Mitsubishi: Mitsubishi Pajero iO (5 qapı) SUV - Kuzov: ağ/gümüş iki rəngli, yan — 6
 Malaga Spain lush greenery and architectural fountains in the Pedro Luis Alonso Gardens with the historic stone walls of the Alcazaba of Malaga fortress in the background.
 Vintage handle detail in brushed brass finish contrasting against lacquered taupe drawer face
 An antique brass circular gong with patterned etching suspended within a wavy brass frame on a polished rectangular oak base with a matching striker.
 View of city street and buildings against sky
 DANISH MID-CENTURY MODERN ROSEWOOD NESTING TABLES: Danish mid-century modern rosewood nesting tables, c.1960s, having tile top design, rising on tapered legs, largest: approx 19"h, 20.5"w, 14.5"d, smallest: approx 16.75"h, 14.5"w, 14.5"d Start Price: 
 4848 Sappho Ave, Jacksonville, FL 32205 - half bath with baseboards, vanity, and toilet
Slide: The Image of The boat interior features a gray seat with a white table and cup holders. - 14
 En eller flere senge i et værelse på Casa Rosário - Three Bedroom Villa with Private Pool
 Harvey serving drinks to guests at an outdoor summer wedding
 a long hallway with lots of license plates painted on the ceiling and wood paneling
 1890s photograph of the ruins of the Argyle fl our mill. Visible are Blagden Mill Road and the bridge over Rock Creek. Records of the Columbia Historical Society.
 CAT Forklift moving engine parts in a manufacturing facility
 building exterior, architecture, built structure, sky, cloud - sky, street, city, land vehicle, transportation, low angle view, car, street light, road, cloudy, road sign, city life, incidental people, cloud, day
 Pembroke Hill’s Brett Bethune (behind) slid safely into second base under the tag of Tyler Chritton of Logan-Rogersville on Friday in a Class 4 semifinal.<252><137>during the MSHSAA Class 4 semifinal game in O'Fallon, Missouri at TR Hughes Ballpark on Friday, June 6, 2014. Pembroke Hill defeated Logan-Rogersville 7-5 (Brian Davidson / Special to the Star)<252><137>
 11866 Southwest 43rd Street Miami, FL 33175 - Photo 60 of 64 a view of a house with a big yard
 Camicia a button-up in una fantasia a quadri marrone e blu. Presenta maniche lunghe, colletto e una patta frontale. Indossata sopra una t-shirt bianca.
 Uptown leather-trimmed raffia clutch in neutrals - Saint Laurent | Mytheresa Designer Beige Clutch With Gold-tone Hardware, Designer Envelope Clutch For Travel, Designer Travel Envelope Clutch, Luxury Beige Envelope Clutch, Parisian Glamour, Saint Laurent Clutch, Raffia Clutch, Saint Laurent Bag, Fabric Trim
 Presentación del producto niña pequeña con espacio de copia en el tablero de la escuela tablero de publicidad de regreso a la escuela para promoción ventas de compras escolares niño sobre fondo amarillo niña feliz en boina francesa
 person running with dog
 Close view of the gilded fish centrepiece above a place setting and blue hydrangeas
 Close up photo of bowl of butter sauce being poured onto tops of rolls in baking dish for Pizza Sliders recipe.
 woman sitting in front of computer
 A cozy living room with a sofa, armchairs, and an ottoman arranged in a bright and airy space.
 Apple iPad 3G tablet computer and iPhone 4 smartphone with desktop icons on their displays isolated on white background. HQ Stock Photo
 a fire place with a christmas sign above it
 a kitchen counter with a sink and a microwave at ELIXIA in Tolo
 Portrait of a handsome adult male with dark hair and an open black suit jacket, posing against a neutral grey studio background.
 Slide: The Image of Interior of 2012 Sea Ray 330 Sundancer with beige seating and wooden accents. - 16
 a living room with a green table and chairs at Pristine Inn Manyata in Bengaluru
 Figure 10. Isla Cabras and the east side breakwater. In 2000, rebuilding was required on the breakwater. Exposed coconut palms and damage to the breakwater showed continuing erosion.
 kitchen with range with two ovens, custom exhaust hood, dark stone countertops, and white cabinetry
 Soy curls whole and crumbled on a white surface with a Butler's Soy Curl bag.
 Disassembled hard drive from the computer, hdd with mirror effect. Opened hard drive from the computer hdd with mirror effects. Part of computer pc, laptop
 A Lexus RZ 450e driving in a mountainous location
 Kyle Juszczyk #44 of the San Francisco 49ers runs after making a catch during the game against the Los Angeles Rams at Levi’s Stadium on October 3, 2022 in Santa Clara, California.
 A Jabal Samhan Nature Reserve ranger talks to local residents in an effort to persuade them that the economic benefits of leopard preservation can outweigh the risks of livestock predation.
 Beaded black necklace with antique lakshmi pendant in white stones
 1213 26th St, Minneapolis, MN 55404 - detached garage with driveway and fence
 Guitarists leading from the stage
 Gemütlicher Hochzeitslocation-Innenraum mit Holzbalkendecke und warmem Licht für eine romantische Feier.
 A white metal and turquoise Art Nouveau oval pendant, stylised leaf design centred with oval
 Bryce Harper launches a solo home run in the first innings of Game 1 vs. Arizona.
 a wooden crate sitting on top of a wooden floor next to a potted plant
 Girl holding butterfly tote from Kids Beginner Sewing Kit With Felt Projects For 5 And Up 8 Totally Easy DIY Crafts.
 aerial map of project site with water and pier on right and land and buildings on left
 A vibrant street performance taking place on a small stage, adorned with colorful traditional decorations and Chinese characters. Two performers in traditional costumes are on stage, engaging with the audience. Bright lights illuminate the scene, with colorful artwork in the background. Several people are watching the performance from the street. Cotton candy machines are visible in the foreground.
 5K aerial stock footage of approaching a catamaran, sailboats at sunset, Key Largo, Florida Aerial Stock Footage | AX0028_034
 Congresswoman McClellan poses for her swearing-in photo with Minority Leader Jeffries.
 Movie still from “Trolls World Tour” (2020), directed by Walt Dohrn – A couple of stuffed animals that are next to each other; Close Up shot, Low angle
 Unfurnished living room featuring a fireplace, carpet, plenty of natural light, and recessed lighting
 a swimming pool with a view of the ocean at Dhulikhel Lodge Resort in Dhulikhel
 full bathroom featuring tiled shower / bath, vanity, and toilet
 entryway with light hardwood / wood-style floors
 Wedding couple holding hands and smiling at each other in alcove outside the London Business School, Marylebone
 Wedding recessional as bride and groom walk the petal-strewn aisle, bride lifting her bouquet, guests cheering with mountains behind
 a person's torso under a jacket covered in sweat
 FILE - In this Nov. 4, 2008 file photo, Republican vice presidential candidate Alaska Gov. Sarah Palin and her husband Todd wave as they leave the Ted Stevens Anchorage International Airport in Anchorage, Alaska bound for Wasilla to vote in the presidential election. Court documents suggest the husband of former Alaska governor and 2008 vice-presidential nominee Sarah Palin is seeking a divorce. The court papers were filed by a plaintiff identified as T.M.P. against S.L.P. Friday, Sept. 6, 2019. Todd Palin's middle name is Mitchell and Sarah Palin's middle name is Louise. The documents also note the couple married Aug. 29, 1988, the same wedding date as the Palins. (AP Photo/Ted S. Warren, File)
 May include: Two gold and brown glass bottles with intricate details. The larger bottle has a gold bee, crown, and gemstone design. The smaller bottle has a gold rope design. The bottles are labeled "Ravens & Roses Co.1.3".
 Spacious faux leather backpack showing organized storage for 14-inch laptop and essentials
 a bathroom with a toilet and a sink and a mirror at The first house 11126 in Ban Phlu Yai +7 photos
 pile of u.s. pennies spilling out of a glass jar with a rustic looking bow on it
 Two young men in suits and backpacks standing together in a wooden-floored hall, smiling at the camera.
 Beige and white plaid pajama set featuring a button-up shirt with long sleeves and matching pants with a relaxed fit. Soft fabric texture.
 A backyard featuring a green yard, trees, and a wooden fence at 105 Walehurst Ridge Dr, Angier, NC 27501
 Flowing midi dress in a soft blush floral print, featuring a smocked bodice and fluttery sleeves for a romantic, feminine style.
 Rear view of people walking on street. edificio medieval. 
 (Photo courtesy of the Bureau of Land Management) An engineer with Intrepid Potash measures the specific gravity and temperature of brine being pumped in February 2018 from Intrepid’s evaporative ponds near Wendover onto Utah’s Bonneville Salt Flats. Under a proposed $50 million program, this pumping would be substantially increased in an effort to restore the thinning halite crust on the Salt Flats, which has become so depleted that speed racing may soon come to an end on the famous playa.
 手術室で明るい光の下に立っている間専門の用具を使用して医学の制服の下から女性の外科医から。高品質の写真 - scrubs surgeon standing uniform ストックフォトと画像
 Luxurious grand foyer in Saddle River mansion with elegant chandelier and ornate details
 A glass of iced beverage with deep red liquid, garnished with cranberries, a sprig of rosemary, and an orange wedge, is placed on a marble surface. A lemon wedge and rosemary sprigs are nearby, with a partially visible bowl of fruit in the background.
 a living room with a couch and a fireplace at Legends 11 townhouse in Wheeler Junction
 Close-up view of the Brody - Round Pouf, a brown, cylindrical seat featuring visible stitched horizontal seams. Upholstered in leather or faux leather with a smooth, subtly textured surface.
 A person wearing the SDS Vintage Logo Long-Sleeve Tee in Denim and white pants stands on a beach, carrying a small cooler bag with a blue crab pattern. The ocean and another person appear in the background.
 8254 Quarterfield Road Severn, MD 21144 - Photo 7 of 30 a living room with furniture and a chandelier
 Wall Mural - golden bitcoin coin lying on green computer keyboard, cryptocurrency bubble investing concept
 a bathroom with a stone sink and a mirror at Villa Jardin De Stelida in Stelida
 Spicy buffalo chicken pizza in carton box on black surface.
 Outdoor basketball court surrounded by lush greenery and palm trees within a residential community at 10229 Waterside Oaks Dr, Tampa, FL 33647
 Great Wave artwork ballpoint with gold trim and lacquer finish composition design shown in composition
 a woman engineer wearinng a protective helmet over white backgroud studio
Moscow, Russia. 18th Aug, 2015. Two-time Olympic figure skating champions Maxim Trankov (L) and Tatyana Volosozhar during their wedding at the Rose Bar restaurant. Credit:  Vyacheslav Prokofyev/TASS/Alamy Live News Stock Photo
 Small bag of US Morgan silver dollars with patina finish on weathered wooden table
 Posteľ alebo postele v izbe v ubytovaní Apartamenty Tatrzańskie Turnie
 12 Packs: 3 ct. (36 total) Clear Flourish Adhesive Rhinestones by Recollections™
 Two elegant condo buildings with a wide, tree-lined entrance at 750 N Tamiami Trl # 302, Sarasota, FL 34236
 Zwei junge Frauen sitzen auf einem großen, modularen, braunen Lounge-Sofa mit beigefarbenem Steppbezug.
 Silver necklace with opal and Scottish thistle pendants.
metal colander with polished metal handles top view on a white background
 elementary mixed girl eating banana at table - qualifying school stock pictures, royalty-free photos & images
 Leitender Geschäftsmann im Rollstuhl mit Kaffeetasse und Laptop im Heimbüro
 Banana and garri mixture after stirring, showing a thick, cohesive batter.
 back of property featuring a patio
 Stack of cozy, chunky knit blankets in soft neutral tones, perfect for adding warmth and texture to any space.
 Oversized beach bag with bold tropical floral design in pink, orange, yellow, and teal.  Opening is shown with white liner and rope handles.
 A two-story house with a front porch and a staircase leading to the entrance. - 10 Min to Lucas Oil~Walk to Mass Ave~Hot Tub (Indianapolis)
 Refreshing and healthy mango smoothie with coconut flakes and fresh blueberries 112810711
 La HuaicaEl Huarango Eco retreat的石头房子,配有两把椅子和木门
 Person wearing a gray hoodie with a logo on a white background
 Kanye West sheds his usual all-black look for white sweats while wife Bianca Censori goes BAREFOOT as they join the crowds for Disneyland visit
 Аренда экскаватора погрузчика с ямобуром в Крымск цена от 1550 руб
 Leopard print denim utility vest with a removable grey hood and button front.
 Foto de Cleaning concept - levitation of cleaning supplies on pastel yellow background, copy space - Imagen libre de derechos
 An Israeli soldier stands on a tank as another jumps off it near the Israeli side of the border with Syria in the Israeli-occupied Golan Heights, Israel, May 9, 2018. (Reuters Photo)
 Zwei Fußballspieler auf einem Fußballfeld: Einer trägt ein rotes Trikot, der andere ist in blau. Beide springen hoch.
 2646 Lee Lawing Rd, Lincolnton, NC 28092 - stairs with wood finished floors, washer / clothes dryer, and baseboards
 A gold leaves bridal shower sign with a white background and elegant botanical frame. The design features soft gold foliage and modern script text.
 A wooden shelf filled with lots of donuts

Work required
Given the records above, reproduce precisely and only the lines between the line holding "a swimming pool" and the line holding "Wedding couple holding", inclusive.

Result below
 a swimming pool with a view of the ocean at Dhulikhel Lodge Resort in Dhulikhel
 full bathroom featuring tiled shower / bath, vanity, and toilet
 entryway with light hardwood / wood-style floors
 Wedding couple holding hands and smiling at each other in alcove outside the London Business School, Marylebone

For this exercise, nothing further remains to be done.